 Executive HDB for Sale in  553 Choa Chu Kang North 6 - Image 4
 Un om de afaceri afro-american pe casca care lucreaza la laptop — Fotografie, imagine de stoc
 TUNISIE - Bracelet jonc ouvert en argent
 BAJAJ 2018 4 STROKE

========================================

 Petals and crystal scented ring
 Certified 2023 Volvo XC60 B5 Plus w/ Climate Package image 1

========================================

• [Directions]: Copy out the lines above exactly, beginning at the one that contains "TUNISIE - Bracelet jonc ouvert en argent" and ending at the one that contains "BAJAJ 2018 4 STROKE".

• [Your solution]:
 TUNISIE - Bracelet jonc ouvert en argent
 BAJAJ 2018 4 STROKE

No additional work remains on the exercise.